Chapter IX.—Of the Question How It Can Be Shown that the Narrative of the Haul of Fishes Which Luke Has Given Us is Not to Be Identified with the Record of an Apparently Similar Incident Which John Has Reported Subsequently to the Lords Resurrection; And of the Fact that from This Point on to the Lords Supper, from Which Event Onwards to the End the Combined Accounts of All the Evangelists Have Been Examined, No Difficulty Calling for Special Consideration Emerges in the Gospel of Luke Any More Than in that of Mark.
10. Luke, then, commences his Gospel in the following fashion: “There was in the days of Herod the king of Judæa, a certain priest named Zacharias, of the course of Abia: and his wife was of the daughters of Aaron, and her name was Elisabeth;”and so on, down to the passage where it is said, “Now when He had left speaking, He said unto Simon, Launch out into the deep, and let down your nets for a draught.” 1624 In this whole section, there is nothing to stir any question as to discrepancies. It is true that John appears to relate something resembling the last passage. But what he gives is really something widely different. I refer to what took place by the sea of Tiberias after the Lords resurrection. 1625 In that instance, not only is the particular time extremely different, but the circumstances themselves are of quite another character. For there the nets were cast on the right side, and a hundred and fifty and three fishes were caught. It is added, too, that they were great fishes.
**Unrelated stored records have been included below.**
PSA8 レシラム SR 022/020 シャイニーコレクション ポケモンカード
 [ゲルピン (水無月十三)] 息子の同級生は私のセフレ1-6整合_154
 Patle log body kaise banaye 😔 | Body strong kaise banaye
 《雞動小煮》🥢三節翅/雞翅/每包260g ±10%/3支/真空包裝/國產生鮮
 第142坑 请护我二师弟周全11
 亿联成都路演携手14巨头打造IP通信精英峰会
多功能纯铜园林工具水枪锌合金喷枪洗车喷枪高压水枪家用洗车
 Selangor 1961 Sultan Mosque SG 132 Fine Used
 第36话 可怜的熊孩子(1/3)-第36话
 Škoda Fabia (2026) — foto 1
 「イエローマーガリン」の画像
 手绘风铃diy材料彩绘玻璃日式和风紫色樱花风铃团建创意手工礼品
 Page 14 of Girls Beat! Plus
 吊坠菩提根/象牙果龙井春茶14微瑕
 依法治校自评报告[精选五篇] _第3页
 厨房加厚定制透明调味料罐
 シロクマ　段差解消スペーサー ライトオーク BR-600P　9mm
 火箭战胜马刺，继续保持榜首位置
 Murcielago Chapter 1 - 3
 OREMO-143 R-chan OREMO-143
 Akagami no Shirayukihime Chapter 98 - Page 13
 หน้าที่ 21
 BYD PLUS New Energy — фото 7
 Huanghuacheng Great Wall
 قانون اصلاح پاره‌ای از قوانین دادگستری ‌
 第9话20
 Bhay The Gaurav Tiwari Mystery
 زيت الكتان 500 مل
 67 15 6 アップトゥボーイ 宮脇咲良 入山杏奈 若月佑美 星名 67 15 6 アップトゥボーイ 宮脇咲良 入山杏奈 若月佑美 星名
And the evangelist, therefore, has felt it necessary to state, that “for all there were so many, yet was not the net broken,” surely just because he had in view the previous case, which is recorded by Luke, and in connection with which the nets were broken 1626 by reason of the multitude of fishes. As for the rest, Luke has not recounted things like those which John has narrated, except in relation to the Lords passion and resurrection. And this whole section, which comes in between the Lords Supper and the conclusion, has already been handled by us in a manner which has yielded, as the result of a comparison of the testimonies of all the evangelists conjointly, the demonstration of an entire absence of discrepancies between them.
[Rumpebantur, “were breaking,” as in the Greek; comp. Revised Version.—R.]